Young dancers at Dancing on Waverly

Dancing on Waverly

[Image: Young people wearing matching multicolored outfits with very long sleeves dance on an outdoor stage.]

Yesterday I ventured to nearby Chinatown to take some photos at a free public performance, Dancing on Waverly. I found this event through the Fun Cheap SF list, which I used to peruse to find free public performances to shoot. I want to get back into that habit, as we have so much going on in San Francisco year-round.

Belly dancer at Dancing on Waverly
[Image: A belly dancer, wearing a black and silver top, orange and black skirts with black tassels, and many pieces of jewelry, dances on an outdoor stage.]

While this event was sponsored by the Chinese Culture Center, many forms of dance were featured. When I arrived, dancers from Fat Chance Belly Dance were performing and encouraging audience members to join them.

Dance performance at Dancing on Waverly
[Image: Two people wearing matching floral print tops and black pants perform a dance on an outdoor stage.]

However, I believe most of the dancers I watched were representing the Chinese Folk Dance Association. Many different styles were represented, with beautiful, colorful costumes.

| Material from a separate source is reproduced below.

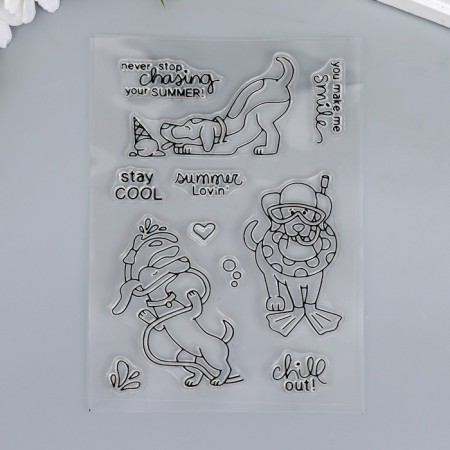 Stamp for creativity Silicon "Pyos-Aclagist" 16x11 cm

Young people dancing at Dancing on Waverly
[Image: Young people in flowing costumes of different colors, with matching black, gold-trimmed vests, perform a dance on an outdoor stage.]

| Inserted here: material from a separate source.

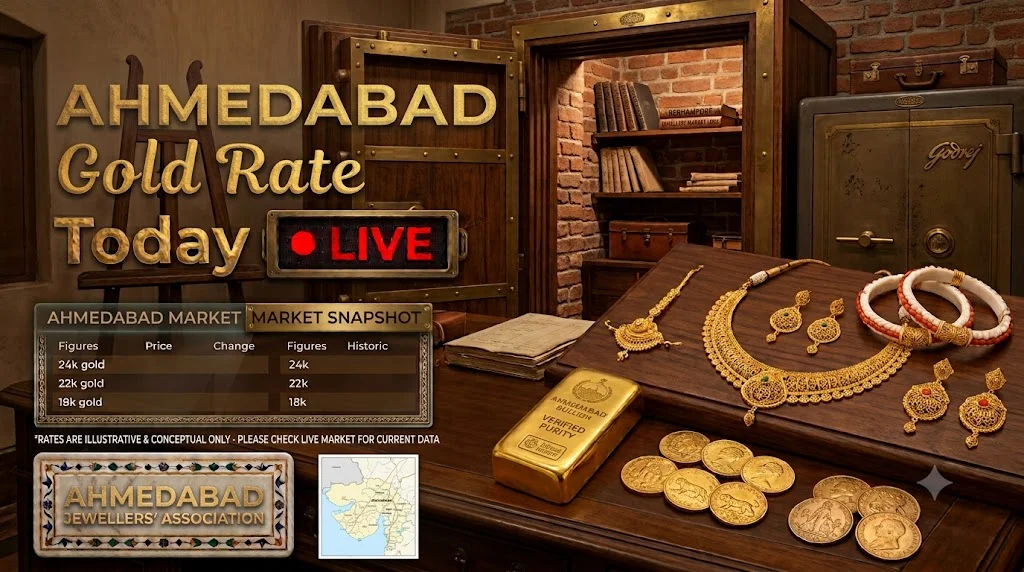 Today Gold Rate in Ahmedabad: Live 18K, 22K & 24K Prices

Young people dancing at Dancing on Waverly
[Image: Young people with matching blue and white costumes and floral headdresses perform a dance on an outdoor stage.]

Young people dancing at Dancing on Waverly
[Image: Young people with matching red floral tops and blue pants perform a dance on an outdoor stage.]

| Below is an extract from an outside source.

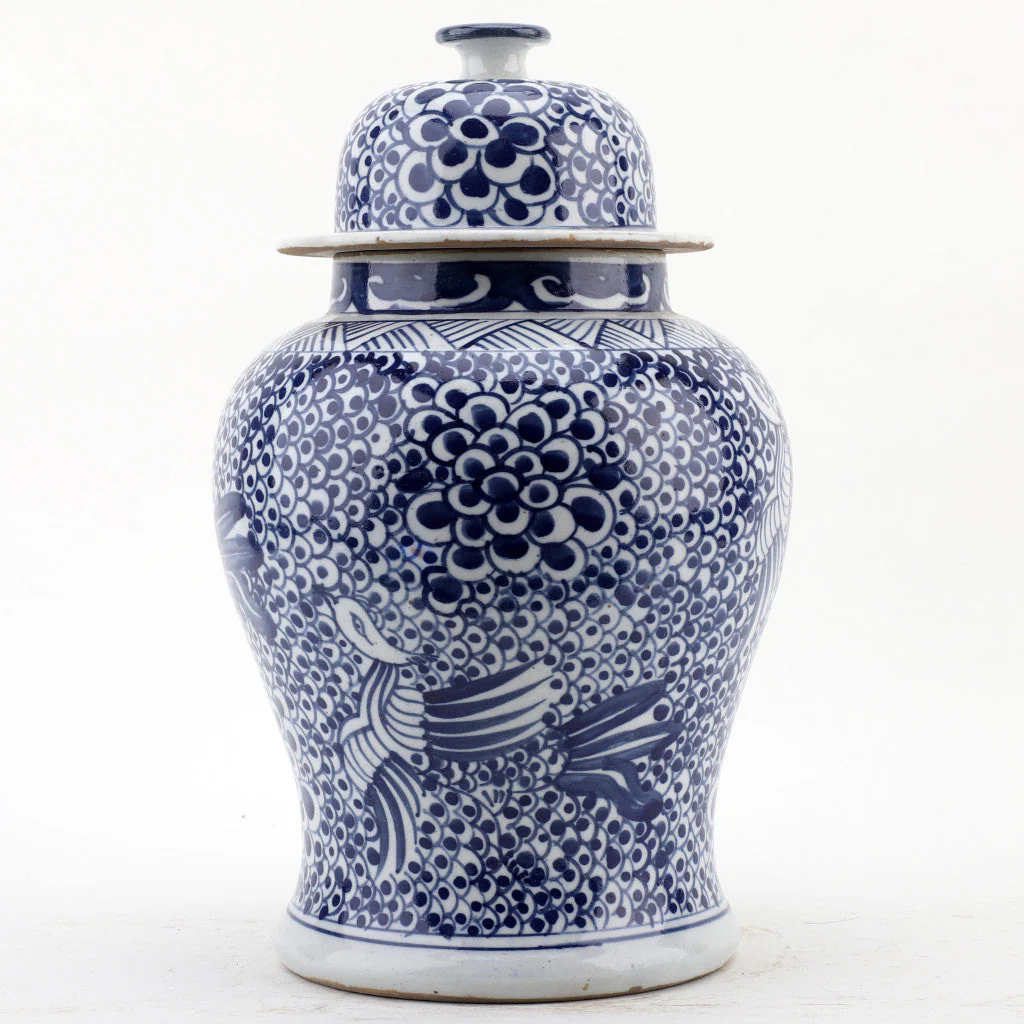 Danny's Fine Porcelain Temple Jar - Phoenix 50859 - Image 3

Some of the performers were very young, though a variety of ages were represented.

Children dancing at Dancing on Waverly
[Image: Young children with matching pink costumes, blue floral aprons, and red fans, dance on an outdoor stage.]

Dancers at Dancing on Waverly
[Image: Dancers wear matching flowing white and pink dresses with green trim, hold tambourines and smile while dancing on an outdoor stage.]

I’m glad I braved the Saturday afternoon crowds to attend this performance, despite being jostled by many fellow photographers and onlookers. I’ve made the full gallery available on Flickr. Support from readers like you will enable me to do more shoots like this, so please consider sponsoring me on Patreon or leaving me a tip. (Thanks to my supporters, I’m already halfway to getting new business cards!)

5 thoughts on “Dancing on Waverly”

  1. I’ve been reading stuff on your blog for a few days, and found it really thought-provoking.

    And these are some nice photos. You really captured the spirit of the dances and performers.

    I wanted to point out an issue with one of the dances, though, which might interest you since you seem to pay attention to various kinds of oppression.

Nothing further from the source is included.